TOWERS, ERIC. DASHWOOD: THE MAN AND THE MYTH - Well-researched debunking of the myth of the Hellfire Club. (1999: Sir Francis Dashwood and his friends were Tories, though liberal ones, and their political enemies the Whigs, chief among them John Wilkes, were the source for much of the legend. Towers' biography is probably closer to the truth. Darn. In any case, Dashwood was a progressive politician who argued for tax relief for colonial America prior to the Revolution. John Wilkes had a reputation for loving liberty, but probably just loved mobs and hated Tories. During the 1788 Gordon's Gin riots, though, he ordered troops to fire on the mobs.
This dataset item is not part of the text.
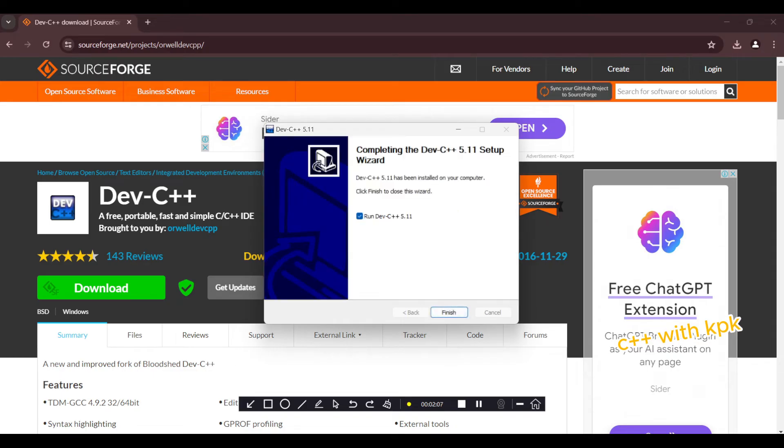So when it's done installing, we run it and then have this configuration screen.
The town of Wilkes-Barre PA is partly named after him.)
(2000 note: In an issue of Gnosis some years ago, editor Jay Kinney theorized that Dashwood & co. were actually Catholics, and his enemies built their legends on the pomp of their services. This is plausible in a time of anti-Catholic paranoia sparked by Titus Oates' "Popish Plot" of 1679 and various Scotish revolts that culminated in the French backed invasion of 1745. In that context, secret burials of the love children of Jesuits and nuns were believable.
SUSTER, GERALD. THE HELL-FIRE FRIARS: SEX, POLITICS & RELIGION (Robson Books, London, 2000). At last--someone who did his homework. According to Suster, Towers was correct about Dashwood being a benign figure but tried to wish away the paganism. Dashwood and his friends tried to establish an enlightened monarchy around Frederick, the Prince of Wales, son of King George II. Dashwood hoped to engineer a spiritual revival, along classical Greek lines, to fill a religious vacuum created by the Church of England. As head of this established pagan church, Frederick would have borne the same mystical aura that Elizabeth I had two centuries earlier. It was an honest effort, and state paganism could certainly have been more fun than state Christianity.
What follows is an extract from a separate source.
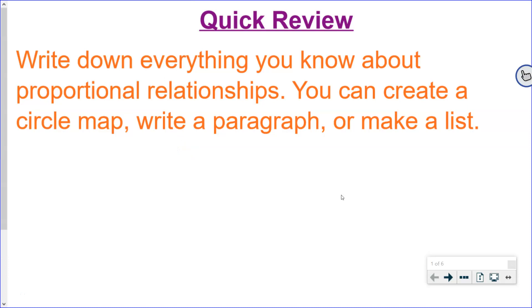Hello Math 7 students! This is Utah Middle School Math Project 4.3a Writing Proportions. Before we begin this lesson, I want to review. Take a second to write down everything you know about proportional relationships.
Unfortunately, Frederick died of a sore throat in 1750, possibly as a complication of being hit by a polo ball, and one wonders whether he would have played his assigned role if he'd actually become king. Dashwood and friends, who were political progressives, were slam-dunked on the American colonial question by the reactionary King George III and Lord North. Public allegations of pagan orgies were true but, misrepresented, provided much political ammunition against Dashwood. His group was actually called the Monks of St. Francis. The Hell-Fire Club name belonged to various groups of well-born rowdies, the earliest of which existed in the 1730s.
Suster makes a good case based on social and historical context, the known facts about Dashwood and his friends, and the scant direct evidence of Dashwood's order. Worth searching for.